● Data extract:
--------------------------------

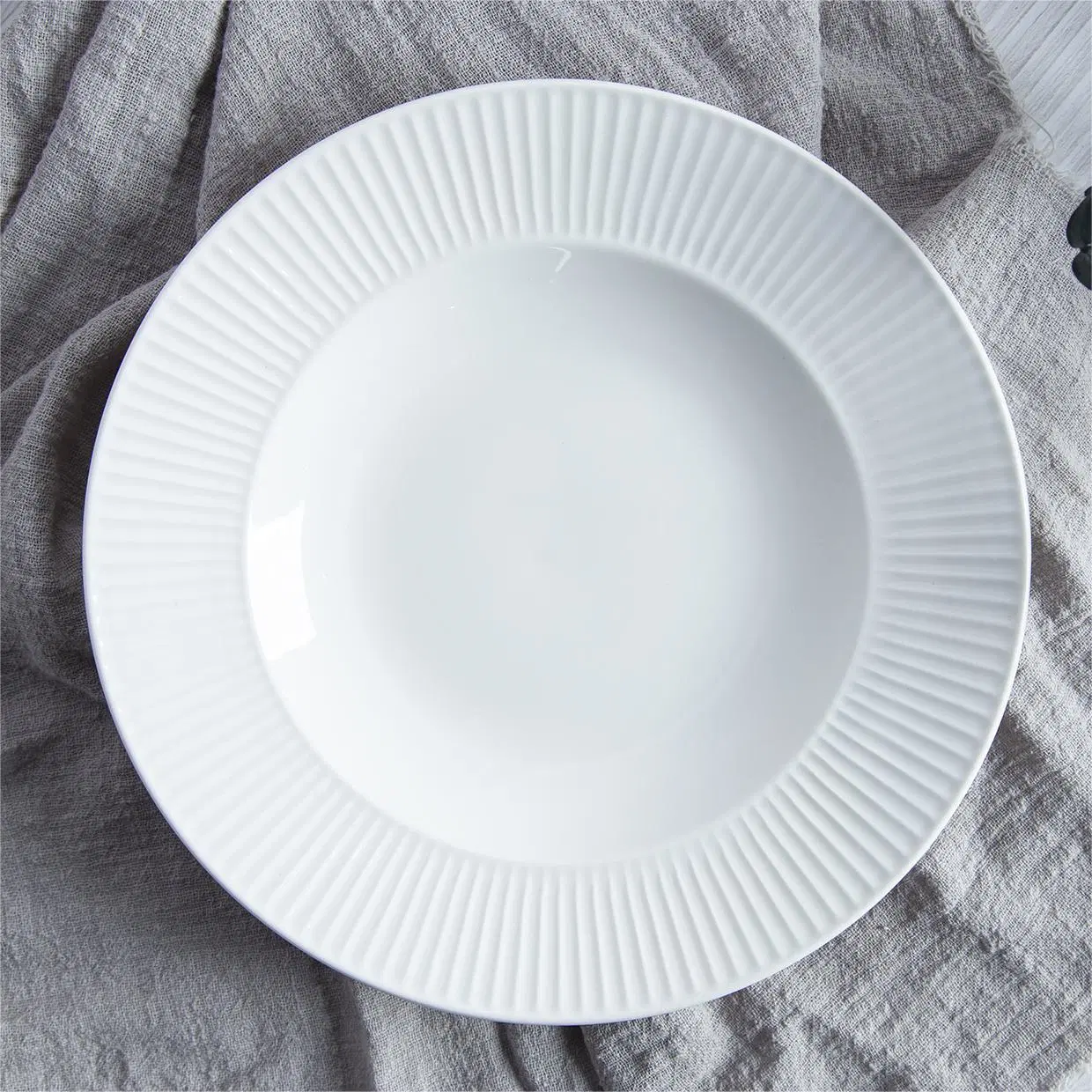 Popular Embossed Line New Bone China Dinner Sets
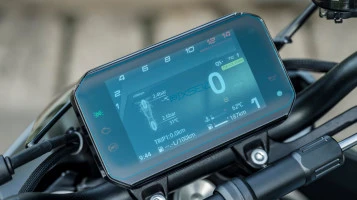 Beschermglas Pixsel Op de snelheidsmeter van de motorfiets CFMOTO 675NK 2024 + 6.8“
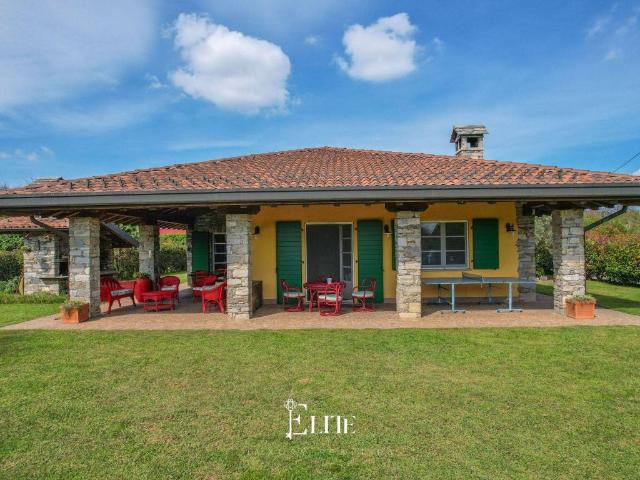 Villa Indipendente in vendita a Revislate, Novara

--------------------------------

● Work request: The answer must be the exact lines from the line with "Beschermglas Pixsel Op" to the final line of the data, both ends included, with no pictures.

● Result of the exercise:
 Beschermglas Pixsel Op de snelheidsmeter van de motorfiets CFMOTO 675NK 2024 + 6.8“
 Villa Indipendente in vendita a Revislate, Novara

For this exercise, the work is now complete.